This Quickstart is designed to help you understand the capabilities included in Snowflake's support for unstructured data and Snowpark. Although this guide is specific to processing PDF files, you can apply this pattern of processing natively in Snowflake to many types of unstructured data. All source code for this guide can be found on Github.
If you haven't already, register for a Snowflake free 30-day trial. The Snowflake edition (Standard, Enterprise, Business Critical, e.g.), cloud provider (AWS, Azure, e.g.), and Region (US East, EU, e.g.) do not matter for this lab. We suggest you select the region which is physically closest to you and the Enterprise Edition, our most popular offering. After registering, you will receive an email with an activation link and your Snowflake account URL.
For this lab, you will use the latest Snowflake web interface, Snowsight.
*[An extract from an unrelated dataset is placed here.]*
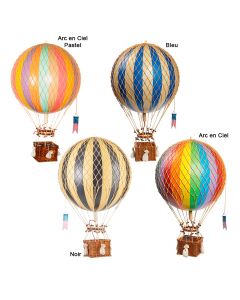 Montgolfière Royal Aero Authentic Models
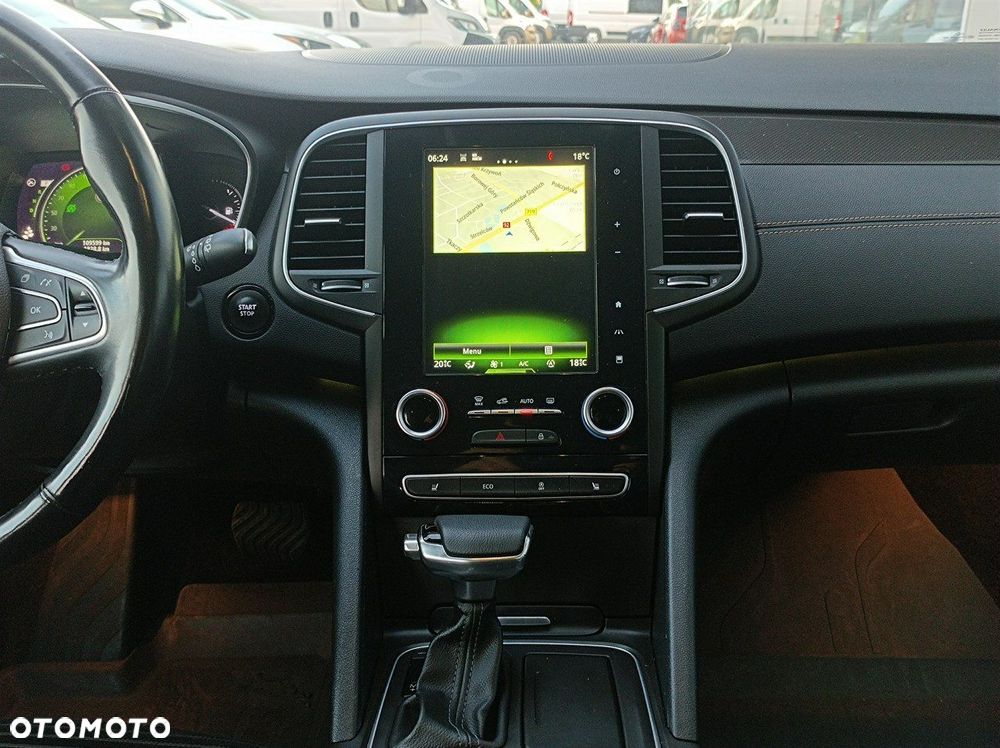 Renault Talisman 1.6 Energy TCe Intens EDC - 27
Let's start by loading the PDF invoices into Snowflake. Snowflake supports two types of stages for storing data files used for loading and unloading:
For this quickstart, we will use an external stage, but processing and analysis workflows demonstrated in this quickstart can also be done using an internal stage.
Let's create a database, warehouse, and stage that will be used for loading and processing the PDFs. We will use the UI within the Worksheets tab to run the DDL that creates the database and schema. Copy the commands below into your trial environment, and execute each individually.
use role sysadmin;
create or replace database pdf;
create or replace warehouse quickstart;
use database pdf;
use schema public;
use warehouse quickstart;
create or replace stage pdf_external
url="s3://sfquickstarts/Analyze PDF Invoices/Invoices/"
directory = (enable = TRUE);
Verify if the PDF files are accessible in your external stage by entering the following command on your Snowflake worksheet.
ls @pdf_external;
You should now see an identical list of files from the S3 bucket. Make sure you see 300 files.
In this section, we want to extract attributes from the PDF invoices. The entities extracted are going to be fields like product names, unit cost, total cost, as well as business name. The goal is to have these fields to enrich the file-level metadata for analytics. We could complete this task with Snowpark for Python or Java.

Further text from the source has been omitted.